Es nuestro pueblo, y no uno futuro, el que perdió su vivienda, sus recuerdos y sus medios de supervivencia en las DANAS de Murcia, Toledo, Ávila, Sagriá o Isla Cristina, eventos climáticos que agrava el efecto invernadero.
Es nuestro pueblo, y no uno futuro, quien sufre la subida del precio de la luz, debida a la imposibilidad de incrementar la producción de gas natural y, por tanto, a su subida de precio.
Es nuestro pueblo, y no uno futuro, el que paga más por esa energía y el que, además, puede sufrir el paro si hay restricciones de petróleo y gas. En China y el Reino Unido ya se ha visto que el debilitamiento de las cadenas de abastecimiento son el eslabón más débil de la globalización y de las crisis petroleras.

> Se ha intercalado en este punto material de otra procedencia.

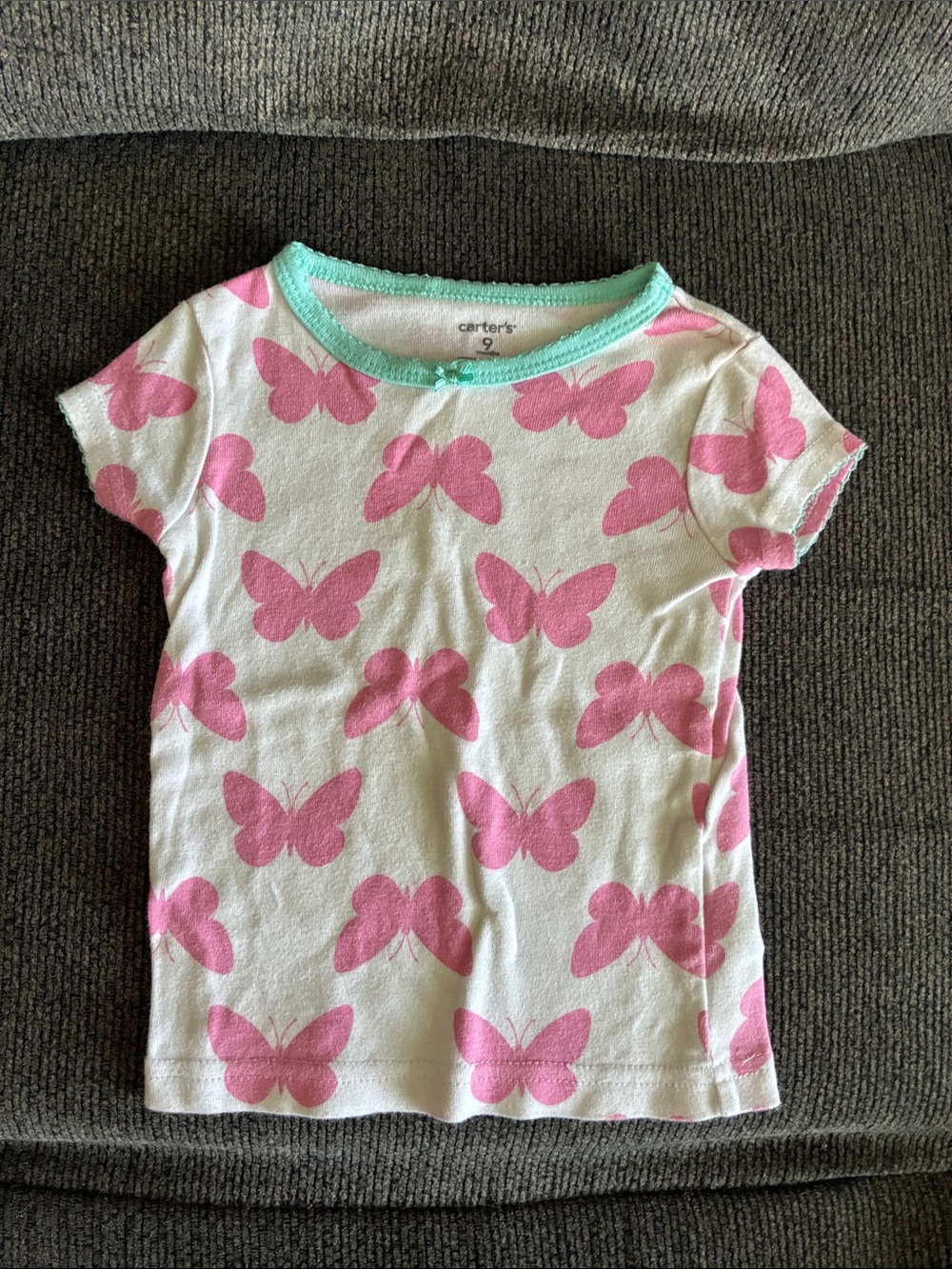 ☀️9M Butterfly Short Sleeve Top NWOT☀️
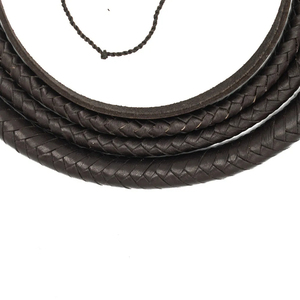 Fouet en caoutchouc noir et acier inoxydable avec cordon rouge et poignée texturée pour l'entraînement équestre - Product Image 3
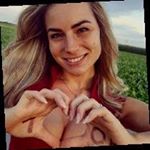 Profile Picture of simson debbie (@simson_debbie_erplw) on Instagram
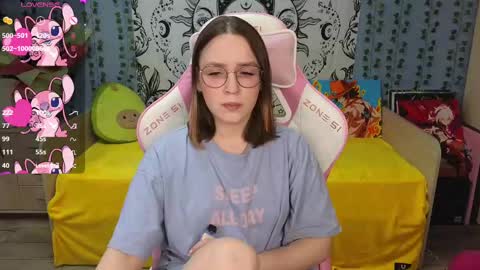 Snapshot of sweet_frosty chatting on 02-27-25, 02:42 Alice online show from 02-27-25, 02:42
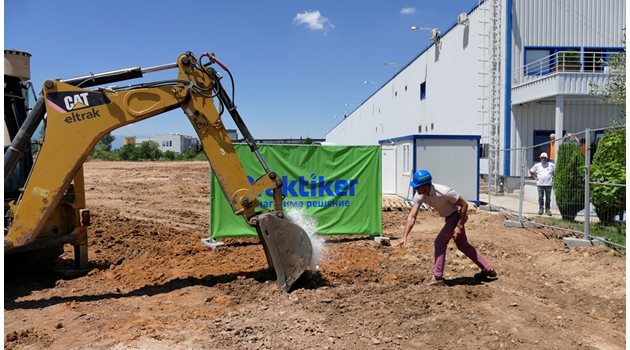 "Практикер" строи нов склад в гара Елин Пелин (обновена+снимки)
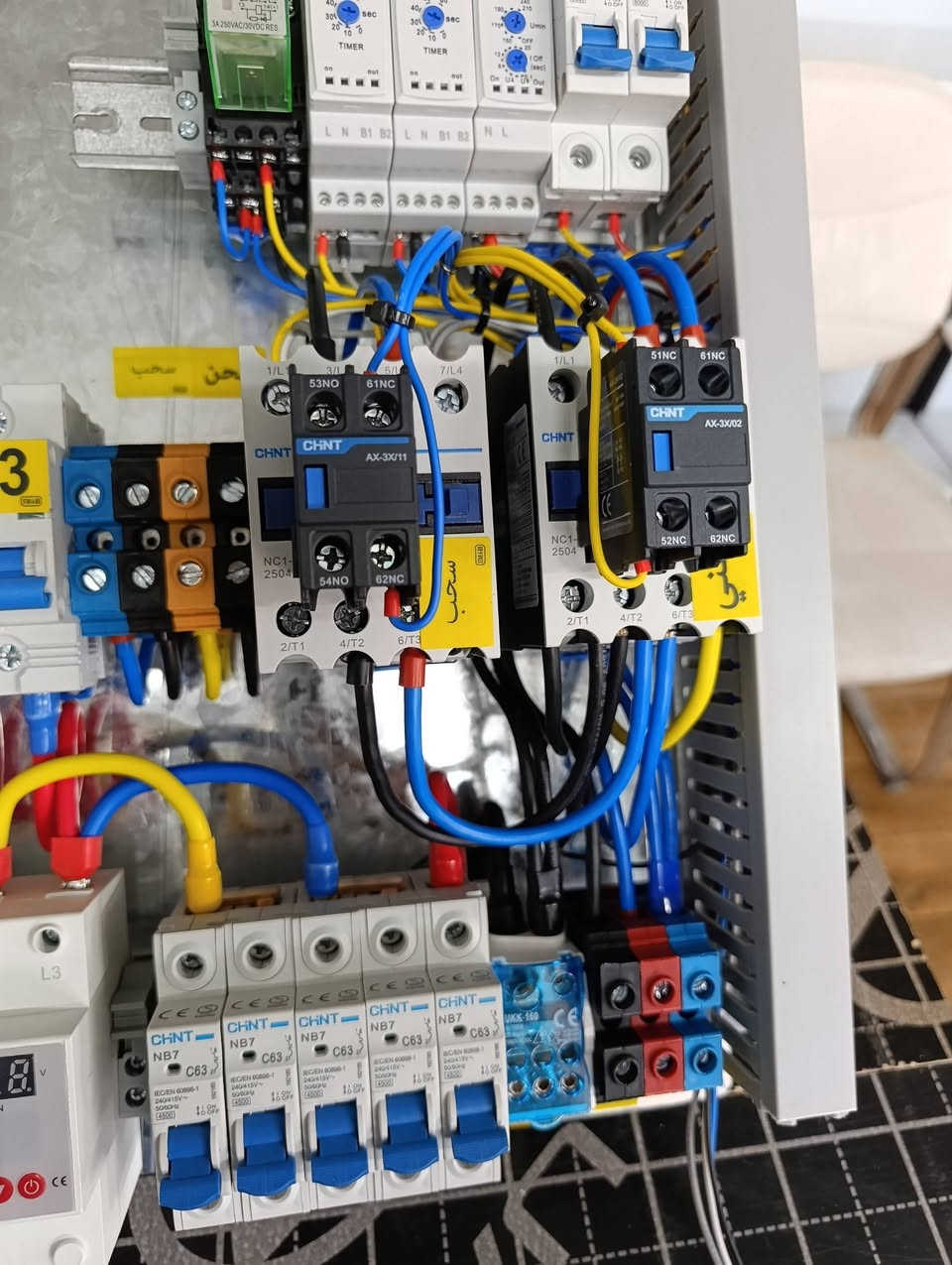 خطين بارد منفصل مخصص الى الطاقه الشمسيه
بنفس الوقت خروج شحن الطاقه 40 امبير + خط الأناره 40 امبير
 تحياتي للجميع 🌹


**إذا كنت صاحب هذا الإعلان وتريد حذفه لأي سبب، رجاءا أرسل رسالة إلى الدعم الفني**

Es nuestro pueblo, y no uno futuro, quien sufre la desertificación, la extinción de polinizadores y de organismos que nutren nuestras huertas, y la desecación de ríos, acuíferos y embalses por el calentamiento global. Los problemas que, seguramente, impidan que la (supuesta) recuperación post-covid llegue a la mayoría de la población no son coyunturales, ministra Calviño, son estructurales.
Si el movimiento ecologista quiere llegar a transformar la penosa inercia que nos lleva al desastre climático, requiere de muchas manos amigas, más aún en este momento de impasse del resto de movimientos, incluido el feminista. Sin olvidar la importancia de un movimiento estructurado a nivel global, no llegaremos a salir del business as usual si se sigue percibiendo al ecologismo como una reivindicación de nicho, que no se preocupa del resto de preocupaciones mayoritarias y que no aterriza en el territorio.
En este momento de malestar social y, sin embargo, quietud en las calles, sería muy positiva la implicación de otros movimientos hermanos (que quizá ya existan: Extinction Rebellion y el resto del ecologismo, la marea blanca, los yayoflautas, los sindicatos no-tan-mayoritarios…) en las estrategias de una de las organizaciones más activas del Estado. Si nos quieren en soledad, hagamos que nos tengan en común hilando problemáticas compartidas que aún se entienden parciales, formando un bloque histórico y además cosiéndolo a nuestro haz de naciones.
La crisis climática, energética y material global va a conseguir tensar todas las contradicciones del capital y bien pueden producir aquella “crisis orgánica” que ayude a reinventar los consensos sociales establecidos. Creo que la chispa de la juventud del clima necesita la mecha del “no les votes” y de “Democracia Real Ya” que acompañó a Juventud sin Futuro, hace una década, para patear el tablero. ¿Por qué no unirse y decir, también, “Aquí está la senectud del clima”?
Alberto Pajares es activista por el clima.